◆ WHAT YOU WILL DO
A faithful retyping of every entry below is wanted, with images left out.

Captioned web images
- - -

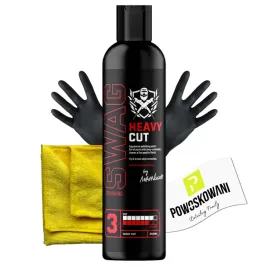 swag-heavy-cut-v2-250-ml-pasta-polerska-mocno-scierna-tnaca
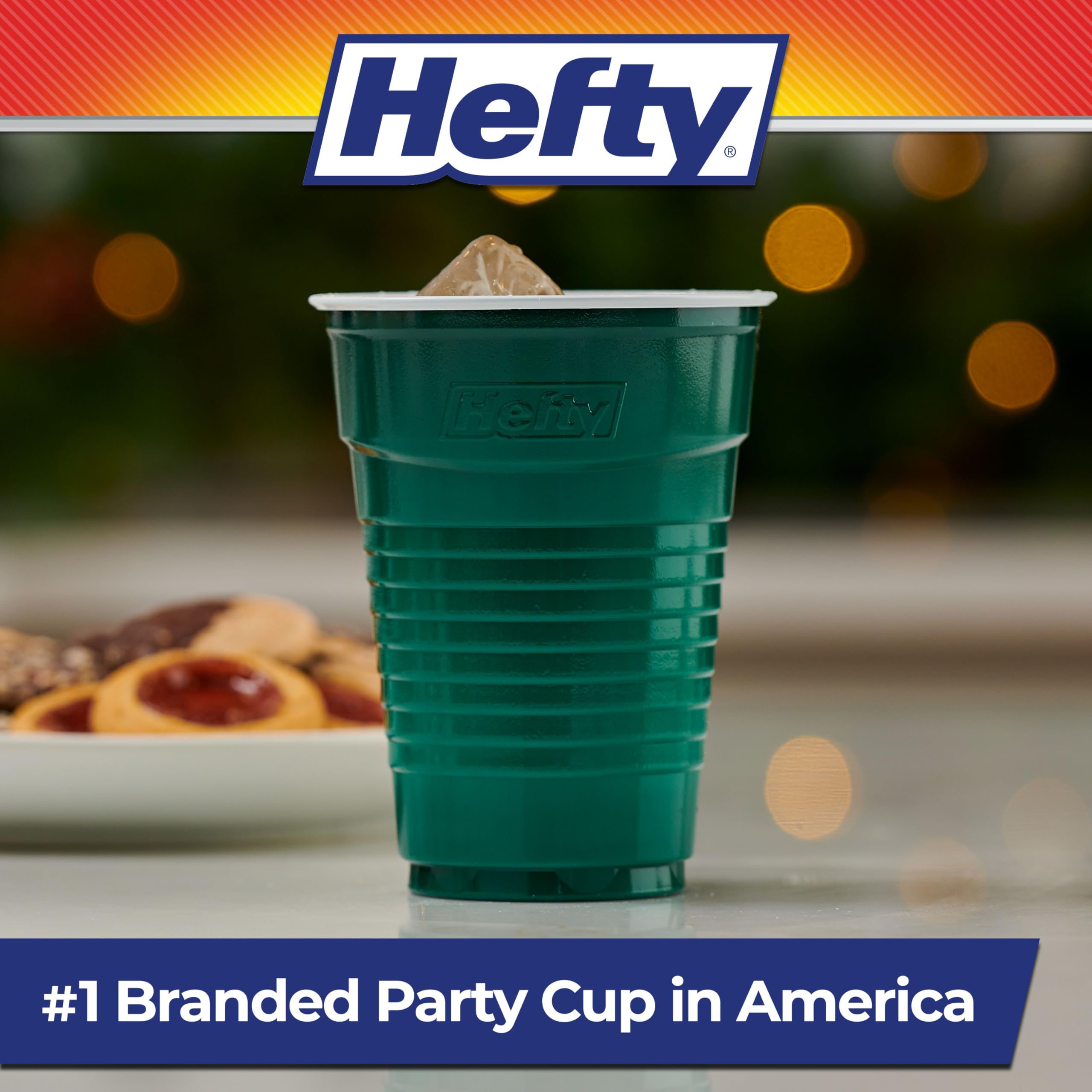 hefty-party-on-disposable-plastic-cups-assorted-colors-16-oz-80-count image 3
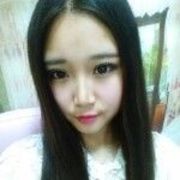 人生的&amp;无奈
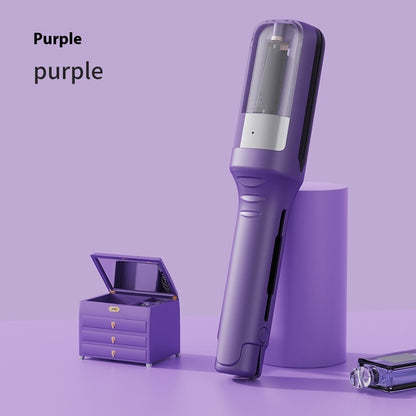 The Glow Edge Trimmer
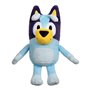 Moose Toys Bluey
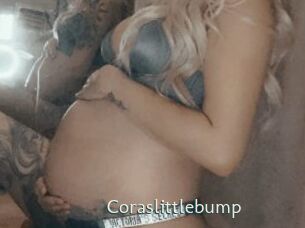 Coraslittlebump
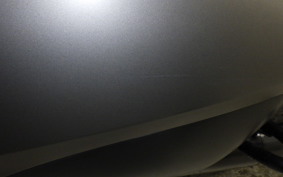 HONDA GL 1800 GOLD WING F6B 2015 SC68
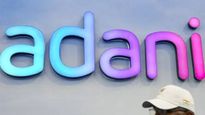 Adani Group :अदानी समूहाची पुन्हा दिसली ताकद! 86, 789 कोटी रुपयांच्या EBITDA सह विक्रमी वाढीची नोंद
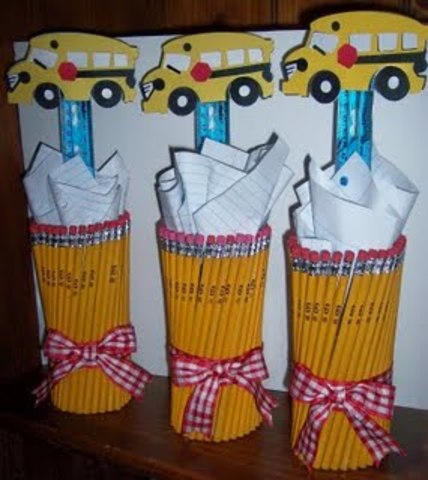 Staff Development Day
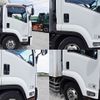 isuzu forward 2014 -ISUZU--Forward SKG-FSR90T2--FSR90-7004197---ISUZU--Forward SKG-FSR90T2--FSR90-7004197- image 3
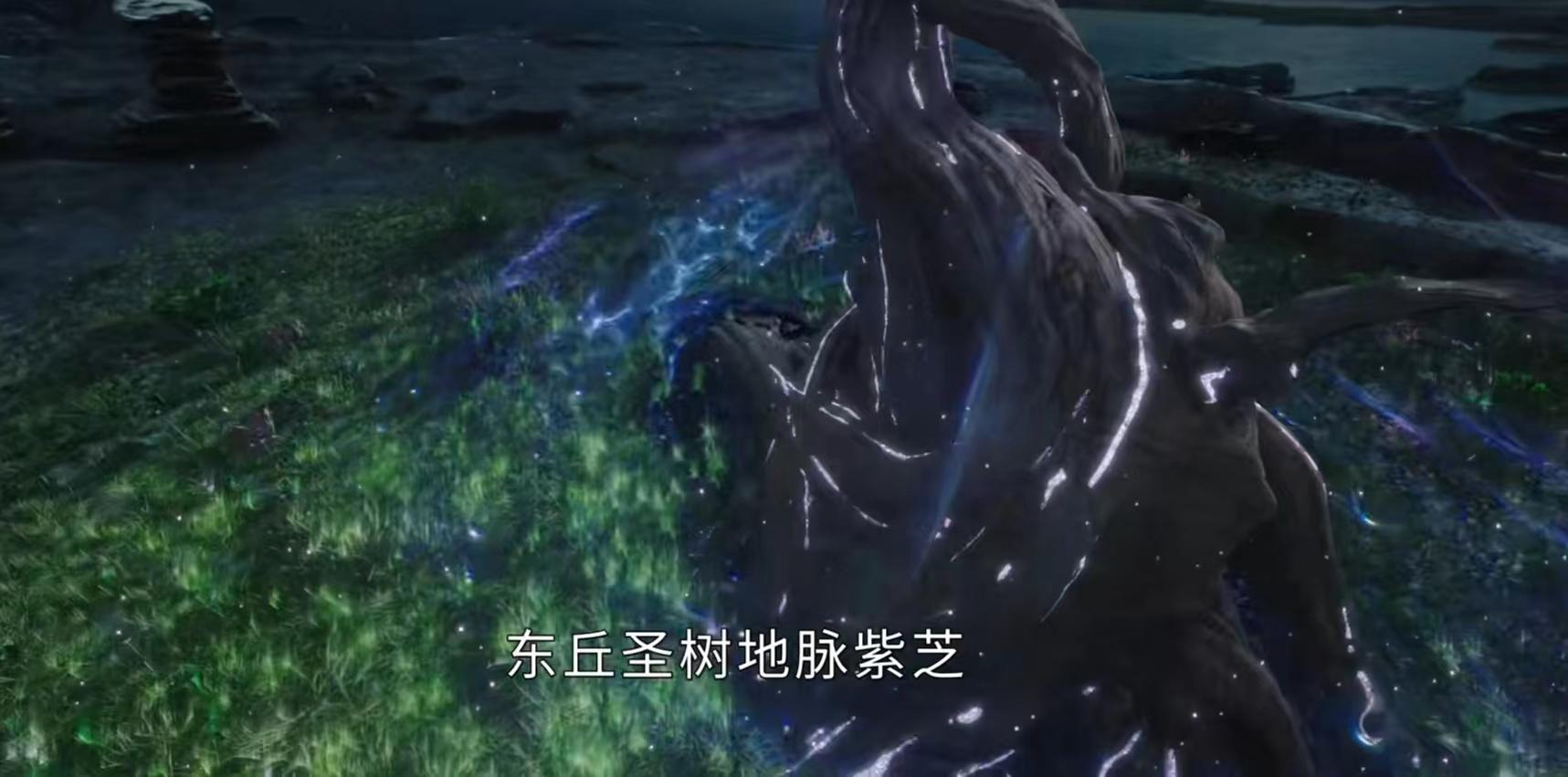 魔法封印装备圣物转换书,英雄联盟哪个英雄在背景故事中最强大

- - -

◆ EXERCISE ANSWER
 swag-heavy-cut-v2-250-ml-pasta-polerska-mocno-scierna-tnaca
 hefty-party-on-disposable-plastic-cups-assorted-colors-16-oz-80-count image 3
 人生的&amp;无奈
 The Glow Edge Trimmer
 Moose Toys Bluey
 Coraslittlebump
 HONDA GL 1800 GOLD WING F6B 2015 SC68
 Adani Group :अदानी समूहाची पुन्हा दिसली ताकद! 86, 789 कोटी रुपयांच्या EBITDA सह विक्रमी वाढीची नोंद
 Staff Development Day
 isuzu forward 2014 -ISUZU--Forward SKG-FSR90T2--FSR90-7004197---ISUZU--Forward SKG-FSR90T2--FSR90-7004197- image 3
 魔法封印装备圣物转换书,英雄联盟哪个英雄在背景故事中最强大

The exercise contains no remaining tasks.